Assay of immune cytolysis of lymphocytes and tumour cells by automatic determination of cell volume distribution.

Immune cytolysis (lysis) of cells due to the action of antibody in the presence of complement is usually substantiated by the uptake of vital dye by the cells, or by the escape of radiolabel from the cells. Immune cytolysis has now been assayed by determination of cell volume distribution with a Coulter multi-channel particle size analyser used in conjunction with a Coulter counter. For Ehrlich ascites and sarcoma-180 cells, volume degradation corresponding to vital staining was obtained only if trypsin (final concentration 625 microgram/ml) was added immediately after the usual 1 h incubation period for cells, antibody and complement. For L1210 leukaemia cells, trypsin was added at 0 degrees just 1 min before Coulter evaluation, to avoid potentiation of antibody-mediated cell lysis by trypsin. Immune cytolysis of mouse thymic, splenic and lymph node lymphocytes required addition of pronase (final concentration 625 microgram/ml) at 0 degrees for further disruption of antibody-damaged cells, prior to determination of cell volume distribution in the Coulter equipment.

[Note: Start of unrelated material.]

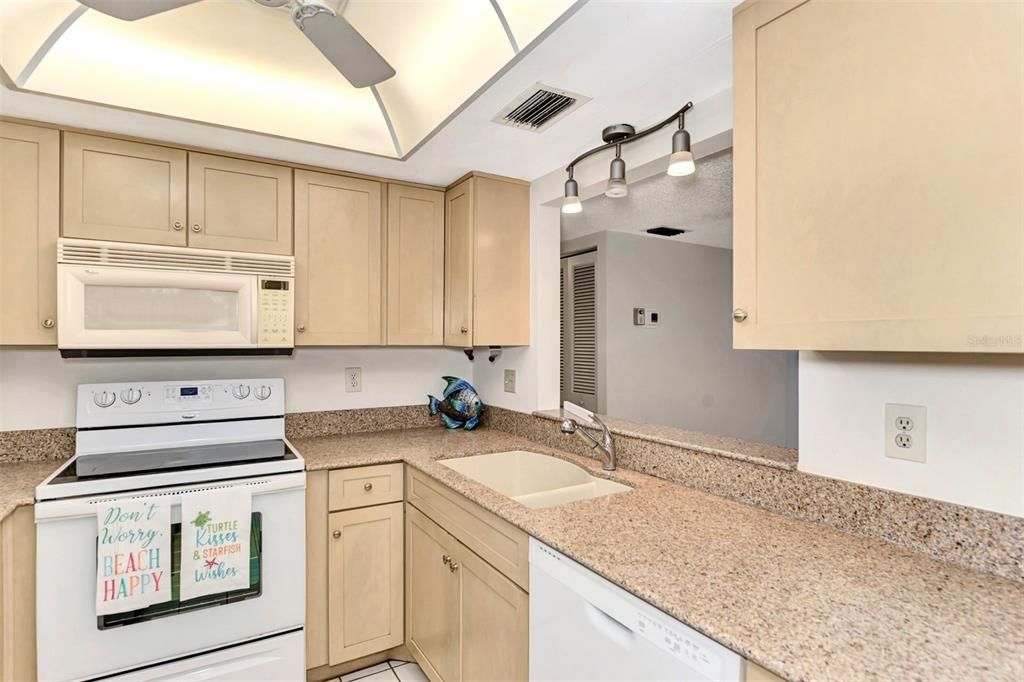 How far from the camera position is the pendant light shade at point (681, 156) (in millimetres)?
1537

Scanning electron micrographs of L1210 cells undergoing immune cytolysis illustrated the changes in cell volume recorded by the Coulter apparatus. This new method for determination of immune cytolysis provides detailed information about the volume distribution of target cells, which permits detection of subtle changes and gives insight into the process of cytolysis. It is not intended to displace other procedures in routine use, except that complete automation of the present method is possible in future.